While prosecutors may have determined no criminal charges should be brought against the officers who fired on Belton’s vehicle, the family is now seeking civil relief.
The Braswells’ attorney, Ray Hamlin, is now taking on ECSD in a lawsuit that also names officers who discharged their weapons more than 10 times as defendants.
“The excessive use of force against this unarmed black man is yet another example of a long tortured history of deadly encounters between black people and law enforcement,” Hamlin said. “We intend to pursue all those responsible for this unnecessary and untimely death.”
The suit, filed on Sept. 25, charges that the officers involved in the detail violated Braswell’s Fourth and Fourteenth Amendment rights. It also argues that Essex County Sheriff's Department failed to properly train officers in use of force and techniques necessary to secure the search of a vehicle, proper dispatch policy and customs regarding arrests.

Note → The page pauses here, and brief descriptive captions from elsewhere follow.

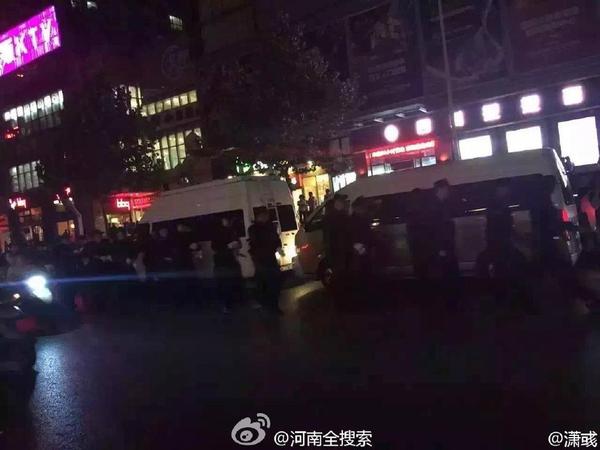 　該報道稱，5月19日22時許，鄭州警方多警聯(lián)合，集中行動，對位于二七區(qū)人和路與政通路附近，存在嚴(yán)重涉黃違法問題的紅館繽紛年代KTV進(jìn)行了突擊查處。目前，涉案相關(guān)人員已被控制，案件正在進(jìn)一步調(diào)查之中。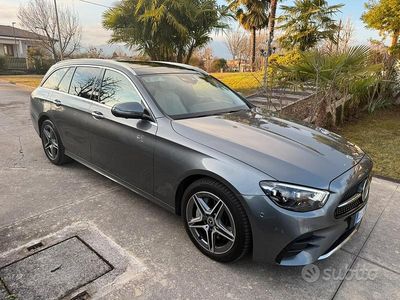 Usata Mercedes E300 2021 Grigio Station wagon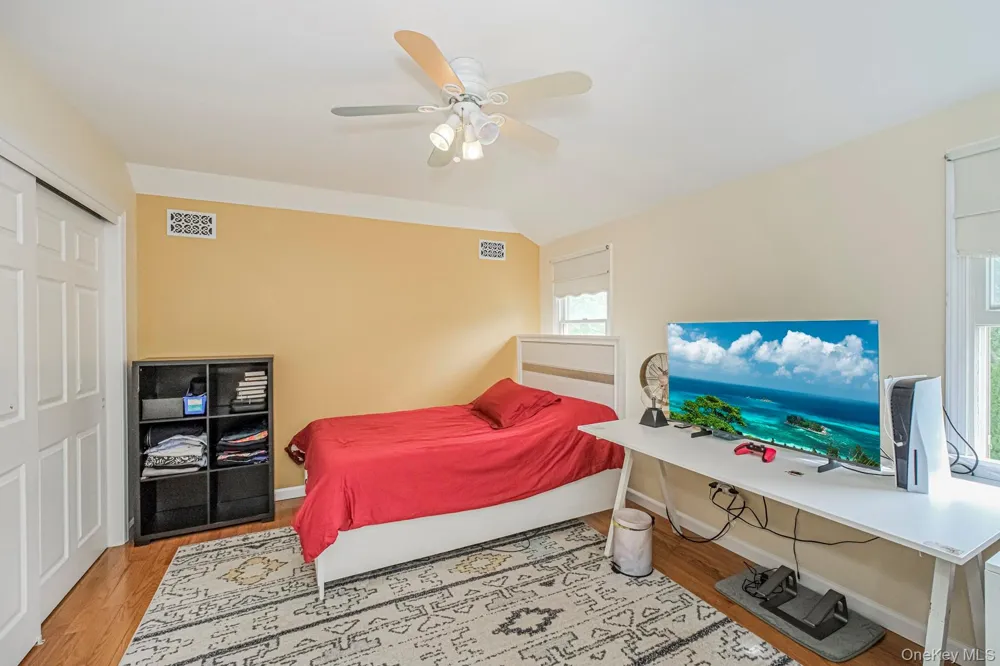 34 Putters Ct Staten Island, NY 10301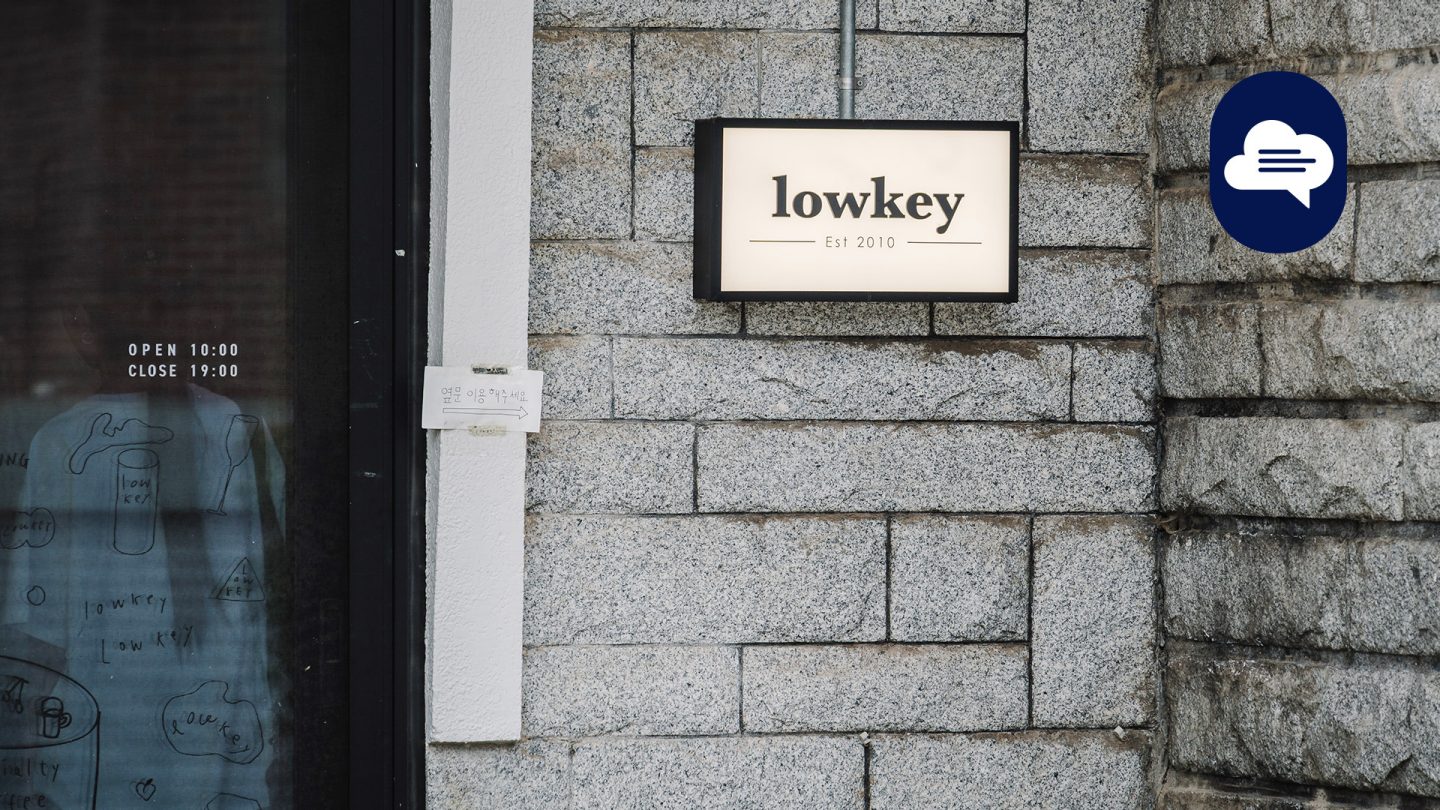 Schaufenster vom Café Lowkey in Seoul mit Schild, Steinmauer und sichtbaren Öffnungszeiten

Keith Taylor, a retired assistant commissioner for the New York Police Department and adjunct assistant professor at John Jay College of Criminal Justice, said that as a matter of policy, different departments have different rules regarding the use of force against a moving vehicle. In New York, officers cannot discharge their firearms at a fleeing vehicle unless deadly physical force is being used against police or another person present by means other than the moving vehicle.
Taylor added that according to the Essex County Prosecutor’s report, he believes the officers had no way of knowing whether Belton and Braswell were armed.
“There were firearms in the vehicle, and at any moment, they could shoot against the officers,” he said. “So there’s a clear line of danger with the illegal firearms, and the officers were more than likely very concerned that they could end up with a very bad outcome.”
On the streets of Newark, gun violence is a persistent adversary and one the city takes seriously, according to Zayid Muhammad, a local organizer for Newark Communities for Accountable Policing.
Trafficking guns is no small infraction, particularly in the South Ward, where much of Newark’s shootings occur.
“If there was a way they could have been subdued without all of that force, that would have been better off all around, and that would have been good policing,” Muhammad said. “Just that volume of shooting in broad daylight, when you haven’t been fired on, is excessive and a danger to the public beyond the intended targets.”
This summer, with the outpouring of support for George Floyd and Black Lives Matter in Newark, the Braswell family — stronger, but a long way from healed — said they felt a call to action they said they couldn’t ignore. Braswell Sr. reached out to Donna Jackson, a community advocate and organizer who has been helping the Braswells stage rallies under the title “Justice for Boink” since June.
As often as possible, the family and community allies gather on the corner of Bergen and Lyons, where Braswell was shot to death in 2018. Jackson said that before Newark’s leadership decries injustices occurring in other cities, it must address its own.
Braswell’s mother, Myra Muniz, said, “They left him out here like he was just an animal. Until it happens to your child, your father, to somebody that you love, you won’t know what I’m going through. Every day, I’m dying on the inside. He shouldn’t have been killed that way.”
Amira Braswell said she wants someone who will be fair to investigate what transpired on that street corner two years ago.
“My grandfathers, my uncles, they’re all legends in Newark, but to have their name shamed the way it is ridiculous. (74) shots fired — his civil rights were violated. Can you justify (74) shots?” Amira said. “By any means necessary, we need justice. He didn’t shoot at the police, he was a passenger in the vehicle. I want to know why I’m not able to have a niece and nephew.”